Dimensioni, volumetrie e abitabilità rimangono le stesse (tranne che per l’introduzione una versione L4 con ruota singola al ponte posteriore), così come l’ampia disponibilità di vani di stivaggio in cabina. Dunque, apparentemente, nel Nuovo Renault Master poco sembrerebbe cambiare… e invece no. Perché, se dal punto di vista della capacità di carico tutto si conferma ai livelli top di segmento, le novità si apprezzano quando si gira la chiave e si comincia a lavorare.

DOPPIO TURBO, COPPIA SICURA
L’introduzione delle motorizzazioni Twin Turbo, per le due potenze più alte, ha aumentato notevolmente la sicurezza, il risparmio e alzato l’asticella della velocità media commerciale in caso di carichi importanti. In particolare, con il 165 CV non ci sono praticamente ostacoli. Nel mio test ho cercato di affrontare ogni situazione quasi a pieno carico e la risposta del Master non mi ha mai lasciato insoddisfatto. In città con quasi 17 metri cubi di volume (L3 H4 e ruote gemellate al posteriore) è chiaro che le dimensioni possono dare fastidio, ma a livello di erogazione della potenza e di rapportatura del cambio, nulla da eccepire. La sovralimentazione a doppio stadio che offre ancora più coppia ai bassi regimi consente di gestire i cavalli e contenere i consumi, nemmeno la trazione posteriore crea problemi, anzi, aumenta leggermente il raggio di sterzata e in certe situazioni torna decisamente utile.

MISTO SEMPRE VELOCE

La musica cambia, in meglio, appena chiedo qualcosa di più al nostro Master, nelle strade extraurbane, magari tortuose, l’elasticità del propulsore la coppia ai bassi regimi limita le scalate consentendo di affrontare ogni curva soltanto dosando acceleratore e freno.

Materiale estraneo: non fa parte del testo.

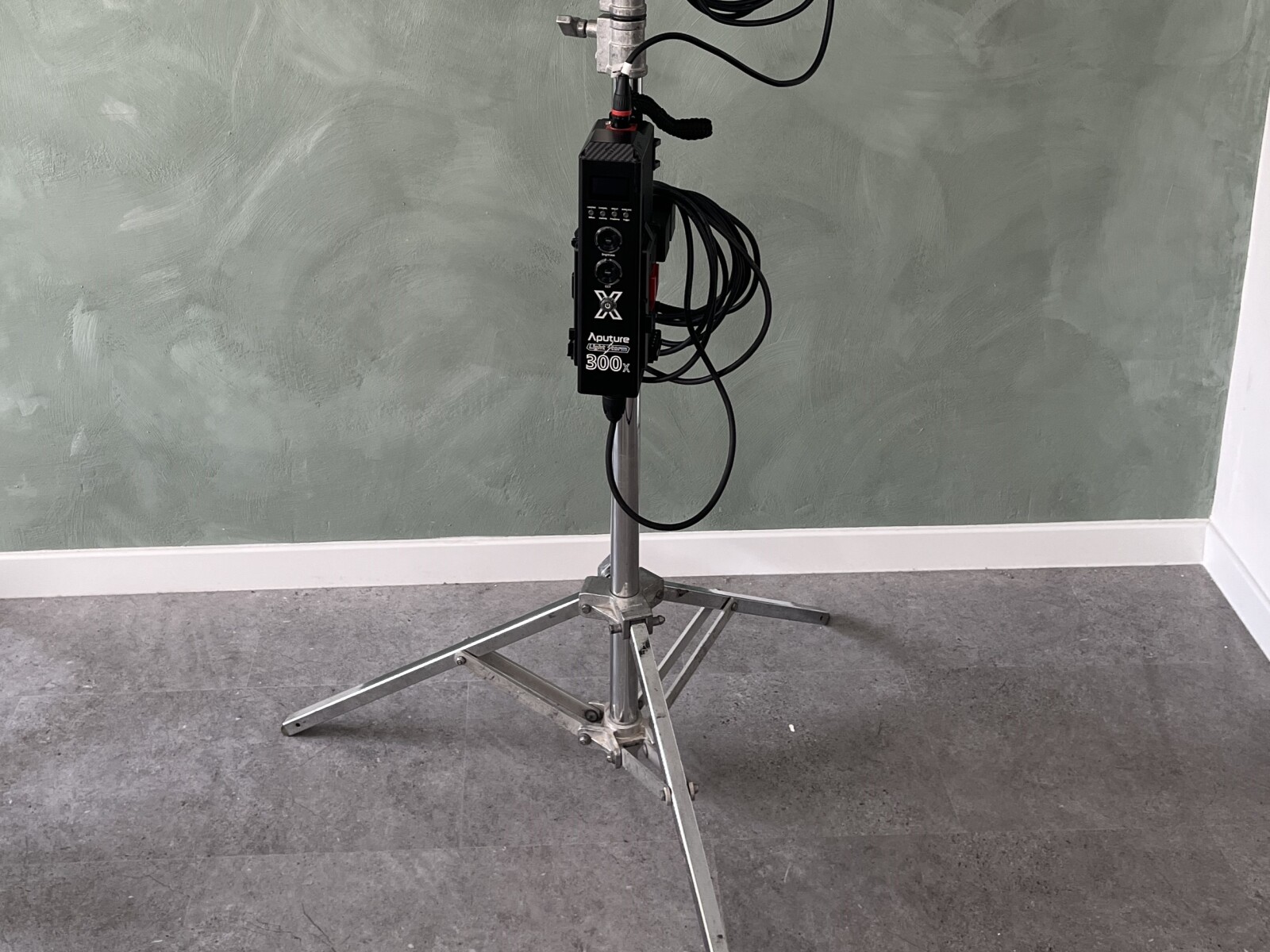 Aputure 300X - Photo 2 sur 3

Tornanti e saliscendi, anche i più ripidi, si domano facilmente. Una salita del 10% in terza marcia senza nemmeno bisogno di scalare prima di affrontarla rende l’idea di come la potenza (e la coppia), di questo propulsore possano semplificare notevolmente una giornata lavorativa. In autostrada in presenza (nel mio caso) di ruote gemellate al posteriore il comfort e la sicurezza rimangono a ottimi livelli anche se, logicamente, dobbiamo fare i conti con un po’ di rumorosità data soprattutto dalle dimensioni che creano frusci e dalla trasmissione che qualche vibrazione la fa sentire.

PROMOSSI E BOCCIATI

Tutto comunque ampiamente sopportabile. Quello che non ci stancheremo mai, invece, di segnalare è la posizione infelice dello schermo LCD del sistema Infotaiment/navigatore, al posto dello specchio retrovisore, decisamente scomodo da leggere e a volte anche pericoloso poiché costringe a distogliere troppo lo sguardo dalla strada. Tra le altre novità, questa volta positive, introdotte da questo ultimo restyling, segnaliamo l’eccellente trovata dello Specchio Wide View dietro l’aletta parasole del passeggero, che semplifica notevolmente le immissioni da sinistra, ampliando la visibilità sul lato destro e il servosterzo elettroidraulico decisamente più preciso e leggero, oltre all’ESC di ultima generazione con controllo del carico e del rimorchio (se presente).